EXERCISE BRIEF:
Be exact. Print each record as it stands.

SOURCE INFORMATION:
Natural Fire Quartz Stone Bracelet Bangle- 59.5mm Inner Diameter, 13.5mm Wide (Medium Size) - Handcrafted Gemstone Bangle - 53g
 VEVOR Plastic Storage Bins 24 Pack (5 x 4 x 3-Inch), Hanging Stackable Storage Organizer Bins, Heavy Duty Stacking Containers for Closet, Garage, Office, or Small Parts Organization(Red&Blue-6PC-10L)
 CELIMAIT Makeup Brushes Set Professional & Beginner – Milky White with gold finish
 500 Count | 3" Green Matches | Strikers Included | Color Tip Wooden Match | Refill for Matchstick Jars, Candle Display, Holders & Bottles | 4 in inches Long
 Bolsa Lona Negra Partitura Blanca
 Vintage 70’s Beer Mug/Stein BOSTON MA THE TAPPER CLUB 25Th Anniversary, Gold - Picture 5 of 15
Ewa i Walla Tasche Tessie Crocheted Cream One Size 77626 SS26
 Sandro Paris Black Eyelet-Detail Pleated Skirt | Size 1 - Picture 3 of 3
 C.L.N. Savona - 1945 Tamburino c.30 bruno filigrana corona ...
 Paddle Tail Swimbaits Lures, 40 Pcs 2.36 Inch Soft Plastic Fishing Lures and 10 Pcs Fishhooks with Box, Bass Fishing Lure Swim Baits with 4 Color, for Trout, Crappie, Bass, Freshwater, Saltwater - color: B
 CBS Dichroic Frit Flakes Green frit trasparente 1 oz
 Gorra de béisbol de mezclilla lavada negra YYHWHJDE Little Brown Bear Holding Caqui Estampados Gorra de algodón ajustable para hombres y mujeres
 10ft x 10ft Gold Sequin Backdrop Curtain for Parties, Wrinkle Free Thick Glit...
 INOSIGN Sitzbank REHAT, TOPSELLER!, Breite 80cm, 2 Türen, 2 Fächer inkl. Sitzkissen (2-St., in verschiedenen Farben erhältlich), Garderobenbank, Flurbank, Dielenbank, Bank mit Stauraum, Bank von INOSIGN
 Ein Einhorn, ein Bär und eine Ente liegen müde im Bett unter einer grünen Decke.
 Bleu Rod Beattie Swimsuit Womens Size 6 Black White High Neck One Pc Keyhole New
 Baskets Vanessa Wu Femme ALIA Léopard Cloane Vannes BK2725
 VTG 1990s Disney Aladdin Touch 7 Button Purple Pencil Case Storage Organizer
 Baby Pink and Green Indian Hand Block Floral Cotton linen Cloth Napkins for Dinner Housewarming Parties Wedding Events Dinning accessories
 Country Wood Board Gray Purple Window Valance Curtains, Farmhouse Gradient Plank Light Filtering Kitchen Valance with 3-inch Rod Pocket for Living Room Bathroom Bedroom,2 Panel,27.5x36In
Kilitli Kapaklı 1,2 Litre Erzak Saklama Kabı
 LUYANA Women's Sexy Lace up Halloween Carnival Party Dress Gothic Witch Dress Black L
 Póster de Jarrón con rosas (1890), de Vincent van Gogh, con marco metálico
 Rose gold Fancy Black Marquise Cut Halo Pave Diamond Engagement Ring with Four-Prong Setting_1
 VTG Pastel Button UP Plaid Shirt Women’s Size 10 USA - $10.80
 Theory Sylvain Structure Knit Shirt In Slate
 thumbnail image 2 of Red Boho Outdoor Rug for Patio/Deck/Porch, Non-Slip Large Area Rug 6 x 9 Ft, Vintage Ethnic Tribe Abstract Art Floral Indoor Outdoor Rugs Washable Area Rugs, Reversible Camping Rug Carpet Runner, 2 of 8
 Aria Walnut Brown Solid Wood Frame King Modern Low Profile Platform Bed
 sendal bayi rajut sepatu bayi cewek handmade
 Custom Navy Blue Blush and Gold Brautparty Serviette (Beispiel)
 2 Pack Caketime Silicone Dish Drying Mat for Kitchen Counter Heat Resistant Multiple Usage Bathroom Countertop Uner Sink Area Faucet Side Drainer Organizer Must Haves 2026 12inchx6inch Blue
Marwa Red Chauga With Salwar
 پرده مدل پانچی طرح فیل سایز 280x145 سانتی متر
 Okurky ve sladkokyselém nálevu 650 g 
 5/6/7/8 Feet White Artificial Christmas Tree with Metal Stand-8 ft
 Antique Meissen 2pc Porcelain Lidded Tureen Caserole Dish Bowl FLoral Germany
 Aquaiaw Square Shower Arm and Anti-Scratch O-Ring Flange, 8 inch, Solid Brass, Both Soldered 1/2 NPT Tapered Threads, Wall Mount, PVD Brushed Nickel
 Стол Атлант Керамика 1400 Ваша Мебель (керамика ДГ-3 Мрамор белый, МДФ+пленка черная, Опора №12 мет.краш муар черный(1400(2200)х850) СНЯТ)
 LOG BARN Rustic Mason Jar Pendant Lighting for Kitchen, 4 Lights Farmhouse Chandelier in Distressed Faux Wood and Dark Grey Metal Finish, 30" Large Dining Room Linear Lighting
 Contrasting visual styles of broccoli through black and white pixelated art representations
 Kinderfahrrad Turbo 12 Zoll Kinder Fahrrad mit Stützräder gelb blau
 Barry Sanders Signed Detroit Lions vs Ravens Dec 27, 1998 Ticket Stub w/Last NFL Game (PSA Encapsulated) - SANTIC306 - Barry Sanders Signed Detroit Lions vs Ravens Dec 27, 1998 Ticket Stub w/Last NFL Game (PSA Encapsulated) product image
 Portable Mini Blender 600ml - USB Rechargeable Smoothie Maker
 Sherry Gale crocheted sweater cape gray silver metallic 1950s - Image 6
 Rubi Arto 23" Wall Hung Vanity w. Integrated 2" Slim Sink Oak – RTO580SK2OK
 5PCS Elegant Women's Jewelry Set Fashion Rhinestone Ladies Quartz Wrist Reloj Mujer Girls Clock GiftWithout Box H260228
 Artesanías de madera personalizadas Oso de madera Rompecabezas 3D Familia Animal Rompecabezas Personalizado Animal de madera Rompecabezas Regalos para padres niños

TASK SOLUTION:
Natural Fire Quartz Stone Bracelet Bangle- 59.5mm Inner Diameter, 13.5mm Wide (Medium Size) - Handcrafted Gemstone Bangle - 53g
 VEVOR Plastic Storage Bins 24 Pack (5 x 4 x 3-Inch), Hanging Stackable Storage Organizer Bins, Heavy Duty Stacking Containers for Closet, Garage, Office, or Small Parts Organization(Red&Blue-6PC-10L)
 CELIMAIT Makeup Brushes Set Professional & Beginner – Milky White with gold finish
 500 Count | 3" Green Matches | Strikers Included | Color Tip Wooden Match | Refill for Matchstick Jars, Candle Display, Holders & Bottles | 4 in inches Long
 Bolsa Lona Negra Partitura Blanca
 Vintage 70’s Beer Mug/Stein BOSTON MA THE TAPPER CLUB 25Th Anniversary, Gold - Picture 5 of 15
Ewa i Walla Tasche Tessie Crocheted Cream One Size 77626 SS26
 Sandro Paris Black Eyelet-Detail Pleated Skirt | Size 1 - Picture 3 of 3
 C.L.N. Savona - 1945 Tamburino c.30 bruno filigrana corona ...
 Paddle Tail Swimbaits Lures, 40 Pcs 2.36 Inch Soft Plastic Fishing Lures and 10 Pcs Fishhooks with Box, Bass Fishing Lure Swim Baits with 4 Color, for Trout, Crappie, Bass, Freshwater, Saltwater - color: B
 CBS Dichroic Frit Flakes Green frit trasparente 1 oz
 Gorra de béisbol de mezclilla lavada negra YYHWHJDE Little Brown Bear Holding Caqui Estampados Gorra de algodón ajustable para hombres y mujeres
 10ft x 10ft Gold Sequin Backdrop Curtain for Parties, Wrinkle Free Thick Glit...
 INOSIGN Sitzbank REHAT, TOPSELLER!, Breite 80cm, 2 Türen, 2 Fächer inkl. Sitzkissen (2-St., in verschiedenen Farben erhältlich), Garderobenbank, Flurbank, Dielenbank, Bank mit Stauraum, Bank von INOSIGN
 Ein Einhorn, ein Bär und eine Ente liegen müde im Bett unter einer grünen Decke.
 Bleu Rod Beattie Swimsuit Womens Size 6 Black White High Neck One Pc Keyhole New
 Baskets Vanessa Wu Femme ALIA Léopard Cloane Vannes BK2725
 VTG 1990s Disney Aladdin Touch 7 Button Purple Pencil Case Storage Organizer
 Baby Pink and Green Indian Hand Block Floral Cotton linen Cloth Napkins for Dinner Housewarming Parties Wedding Events Dinning accessories
 Country Wood Board Gray Purple Window Valance Curtains, Farmhouse Gradient Plank Light Filtering Kitchen Valance with 3-inch Rod Pocket for Living Room Bathroom Bedroom,2 Panel,27.5x36In
Kilitli Kapaklı 1,2 Litre Erzak Saklama Kabı
 LUYANA Women's Sexy Lace up Halloween Carnival Party Dress Gothic Witch Dress Black L
 Póster de Jarrón con rosas (1890), de Vincent van Gogh, con marco metálico
 Rose gold Fancy Black Marquise Cut Halo Pave Diamond Engagement Ring with Four-Prong Setting_1
 VTG Pastel Button UP Plaid Shirt Women’s Size 10 USA - $10.80
 Theory Sylvain Structure Knit Shirt In Slate
 thumbnail image 2 of Red Boho Outdoor Rug for Patio/Deck/Porch, Non-Slip Large Area Rug 6 x 9 Ft, Vintage Ethnic Tribe Abstract Art Floral Indoor Outdoor Rugs Washable Area Rugs, Reversible Camping Rug Carpet Runner, 2 of 8
 Aria Walnut Brown Solid Wood Frame King Modern Low Profile Platform Bed
 sendal bayi rajut sepatu bayi cewek handmade
 Custom Navy Blue Blush and Gold Brautparty Serviette (Beispiel)
 2 Pack Caketime Silicone Dish Drying Mat for Kitchen Counter Heat Resistant Multiple Usage Bathroom Countertop Uner Sink Area Faucet Side Drainer Organizer Must Haves 2026 12inchx6inch Blue
Marwa Red Chauga With Salwar
 پرده مدل پانچی طرح فیل سایز 280x145 سانتی متر
 Okurky ve sladkokyselém nálevu 650 g 
 5/6/7/8 Feet White Artificial Christmas Tree with Metal Stand-8 ft
 Antique Meissen 2pc Porcelain Lidded Tureen Caserole Dish Bowl FLoral Germany
 Aquaiaw Square Shower Arm and Anti-Scratch O-Ring Flange, 8 inch, Solid Brass, Both Soldered 1/2 NPT Tapered Threads, Wall Mount, PVD Brushed Nickel
 Стол Атлант Керамика 1400 Ваша Мебель (керамика ДГ-3 Мрамор белый, МДФ+пленка черная, Опора №12 мет.краш муар черный(1400(2200)х850) СНЯТ)
 LOG BARN Rustic Mason Jar Pendant Lighting for Kitchen, 4 Lights Farmhouse Chandelier in Distressed Faux Wood and Dark Grey Metal Finish, 30" Large Dining Room Linear Lighting
 Contrasting visual styles of broccoli through black and white pixelated art representations
 Kinderfahrrad Turbo 12 Zoll Kinder Fahrrad mit Stützräder gelb blau
 Barry Sanders Signed Detroit Lions vs Ravens Dec 27, 1998 Ticket Stub w/Last NFL Game (PSA Encapsulated) - SANTIC306 - Barry Sanders Signed Detroit Lions vs Ravens Dec 27, 1998 Ticket Stub w/Last NFL Game (PSA Encapsulated) product image
 Portable Mini Blender 600ml - USB Rechargeable Smoothie Maker
 Sherry Gale crocheted sweater cape gray silver metallic 1950s - Image 6
 Rubi Arto 23" Wall Hung Vanity w. Integrated 2" Slim Sink Oak – RTO580SK2OK
 5PCS Elegant Women's Jewelry Set Fashion Rhinestone Ladies Quartz Wrist Reloj Mujer Girls Clock GiftWithout Box H260228
 Artesanías de madera personalizadas Oso de madera Rompecabezas 3D Familia Animal Rompecabezas Personalizado Animal de madera Rompecabezas Regalos para padres niños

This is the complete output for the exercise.